MATERIAL PROVIDED>
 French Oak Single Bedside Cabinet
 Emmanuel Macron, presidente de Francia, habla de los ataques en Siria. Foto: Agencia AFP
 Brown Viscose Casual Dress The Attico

...

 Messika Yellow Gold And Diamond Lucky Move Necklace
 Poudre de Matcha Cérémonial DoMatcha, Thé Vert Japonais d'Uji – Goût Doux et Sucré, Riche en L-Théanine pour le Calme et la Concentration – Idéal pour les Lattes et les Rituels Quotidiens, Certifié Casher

...

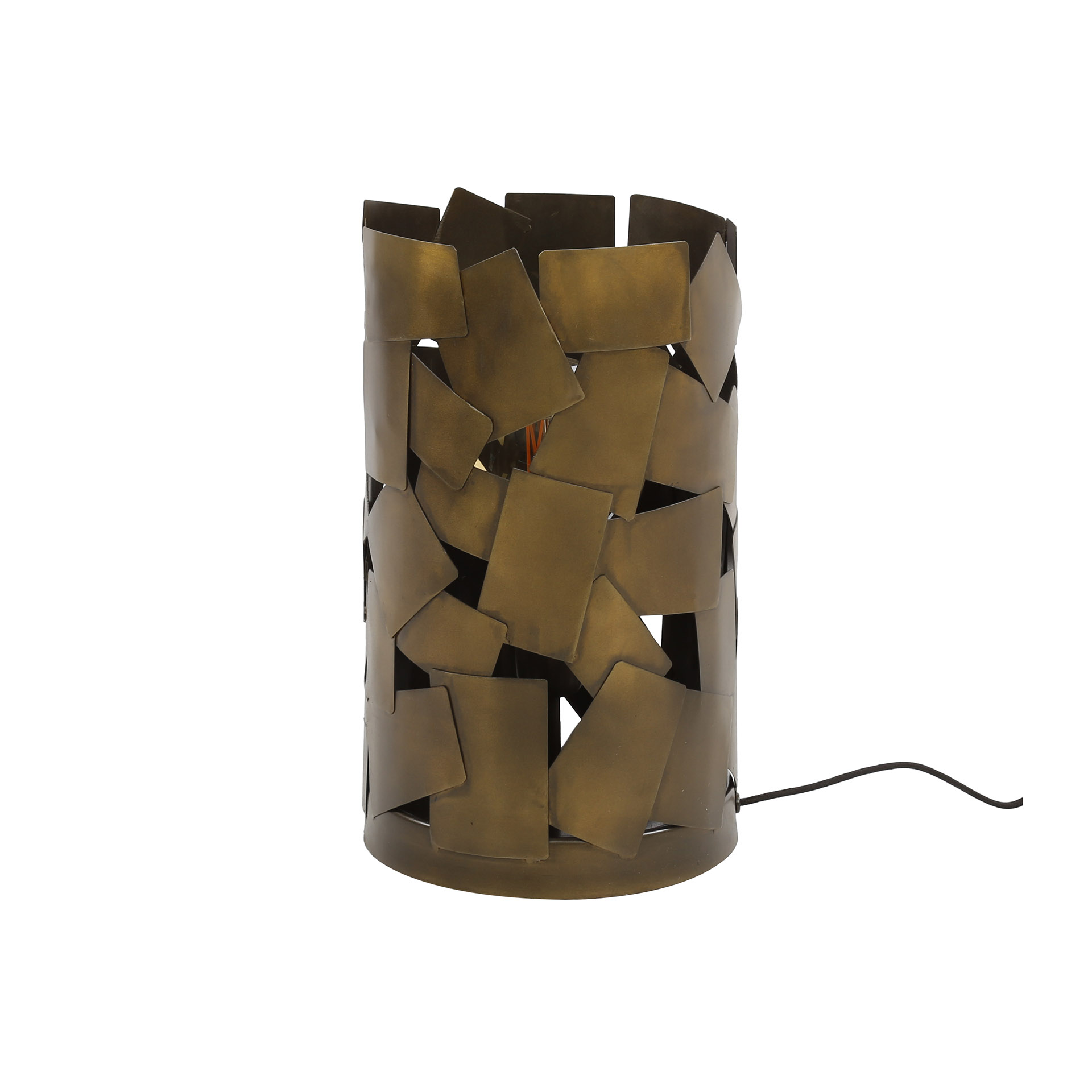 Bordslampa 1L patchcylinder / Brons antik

WHAT THE TASK ASKS> In the material above, transcribe exactly the lines beginning at the one with "French Oak Single Bedside Cabinet" and ending at the one with "Brown Viscose Casual Dress The Attico", both included.

EXERCISE ANSWER>
 French Oak Single Bedside Cabinet
 Emmanuel Macron, presidente de Francia, habla de los ataques en Siria. Foto: Agencia AFP
 Brown Viscose Casual Dress The Attico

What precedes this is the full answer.